Жизнь после Жары - Оливия Стилл 24 стр.


— Проходи, — только и сказал Даниил, давая дорогу.

Олива уже встала и, лохматая и опухшая с похмелья и слёз, сидела, сгорбив спину, на кухне, и, насупившись, мешала ложечкой свой чай. Сказать, что ей было погано — значит, не сказать ничего. За окном кисло сопливился дождь, на плите тихонько и жалобно посвистывал чайник — и свист этот вкупе с дождём заставлял Оливу плакать от жалости к себе — и чайнику, который, казалось, тоже стонал и плакал оттого, что был никому не нужен.

— Олив, нам надо поговорить, — без обиняков заявил Ярпен, садясь напротив неё.

Она вскинула на него глаза, но за пеленой своего горя не заметила перемен в его лице.

— Я слушаю.

— Я понимаю, что вчера ты была пьяная и не отвечала за свои слова, — сухо начал Ярпен, — Но теперь, когда ты протрезвела, нам необходимо кое-что прояснить.

Олива вспыхнула и опустила взор.

— Я не помню, что я вчера говорила...

— Зато я прекрасно помню. Ты говорила, что я... — Ярпен сделал над собой усилие, чтобы продолжать, — Что я в тебя влюбился... Так вот: я в тебя не влюбился.

— Ну, так и что же? — буркнула Олива в чашку.

— Более того, — продолжал Ярпен, которого равнодушная реакция Оливы разозлила ещё больше, — Я надеюсь, ты понимаешь, что после вчерашнего наши с тобой добрые отношения закончились. И ещё, — он встал из-за стола, — Если ты надумаешь писать продолжение своей книги, то пиши, пожалуйста, правду. Не надо корчить из себя звезду и выставлять остальных вокруг тебя шутами и влюблёнными болванами. Я к ним не причастен; да ты и сама знаешь, что всё не так...

— Что — не так? — спросила Олива.

— Всё не так. Ты — не звезда, и, между нами, не такой уж и талант. Вся твоя книга — не более, чем истерическая реакция брошенной женщины, маленького человека, которому до смерти хочется, чтобы его заметили. Вчера я это понял как никогда...

— Хм. Раньше у тебя было иное мнение...

— Да не было у меня иного мнения, Олив. Мне просто было жаль тебя. Мне и сейчас жаль, хотя ещё больше жаль времени, которое я на тебя потратил...

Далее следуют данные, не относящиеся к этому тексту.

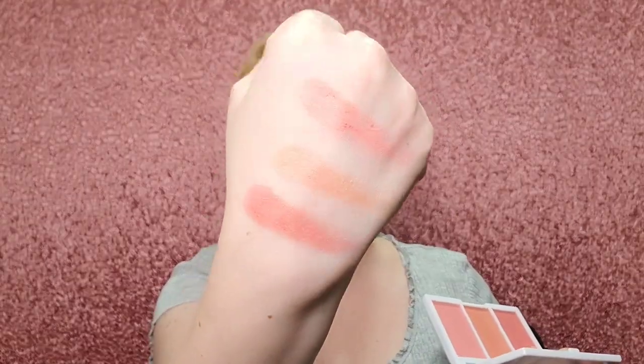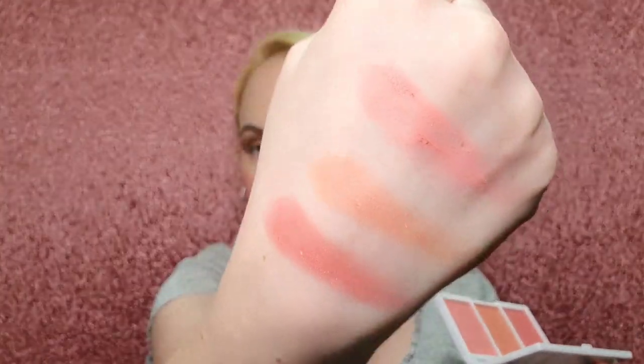Which one do you like better? This one's definitely more pinky; this one is more peach. I like both. I'm going to put this last shade — just a tiny bit — on my nose. I usually do put blush on my nose. Let me show you the swatches up close. They blend really nice. See the luminous glow? It reminds me of a NARS blush.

— Всё сказал? — жёстко перебила его Олива.

— Всё.

— Ну тогда развернулся на сто восемьдесят и пошёл нахрен отсюда.

Ярпен невозмутимо остался стоять.

— Дом не твой, — заметил он, — И уходить мне или нет, решать, опять же, не тебе.

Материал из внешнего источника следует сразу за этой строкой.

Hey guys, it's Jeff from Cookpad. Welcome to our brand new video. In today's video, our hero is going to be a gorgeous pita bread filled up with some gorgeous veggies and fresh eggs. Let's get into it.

— Тогда уйду я, — сказала она и, пулей вылетев из кухни, едва не сшибла с ног Даниила.

— Вот и поговорили, — пробормотал Ярпен себе под нос.

Даниил тоже был не в духе. Он медлил у плиты с чайником в руках.

— Завтракать-то будешь? — угрюмо спросил он Ярпена.

— Не хочется, — ответил тот, — Я, пожалуй, пойду...

— Погоди, и я с тобой, — сказал Даниил, ставя чайник на место, — Мне всё равно на работу. Да и...

— Да и нечего нам тут делать, — закончил за него Ярпен.

Глава 63

Последний приезд Майкла в Москву на майские праздники окончательно отдалил его от Юли, зато вновь сблизил с Настей. Та дилемма, над которой Майкл всю весну ломал голову — с кем же ему быть, с Юлей или с Настей — разрешилась после мая месяца сама собой.

Почти каждый вечер Майкл и Настя болтали друг с другом по скайпу. И каждый вечер им было о чём поговорить, и не было в их разговорах тех неловких длинных пауз, которые часто случаются, когда разговаривают друг с другом малознакомые парень и девушка. Всё, что разделило их когда-то: расстояние, Юля, Гладиатор — всё это теперь казалось таким ничтожным, что ни Майкл, ни Настя об этом даже ни разу не вспомнили.

— Мииишка! — сказала ему Настя в скайпе в один из летних вечеров, — Ну когда ты в Москву приедешь?

— Ой, ну я даже не знаю…

— Приезжай, Миш, — кокетливо прозвенела Настя, — На Воробьёвы горы съездим. А хочешь, в баню с тобой пойдём?

— Ой, блин… — Майкл аж покраснел от смущения и против воли заулыбался.

— Давай, Миш, приезжай! Я тебе дрищёвку свою покажу, будем там на сене лежать и смотреть на звёзды. Хочешь?

— Ох, ни фига себе… — Майкл засмеялся.

— Ну, чего такое?

— Да я не пхо то… Ты пхикинь, тут Салтыков мне только что написал, шо Олива его избила…

— Чего-о? — засмеялась Настя, — Реально ему накостыляла? Ха-ха-ха, вот молодец!

— Он пишет, она набхосилась на него с кулаками ни с того ни с сего, — сказал Майкл.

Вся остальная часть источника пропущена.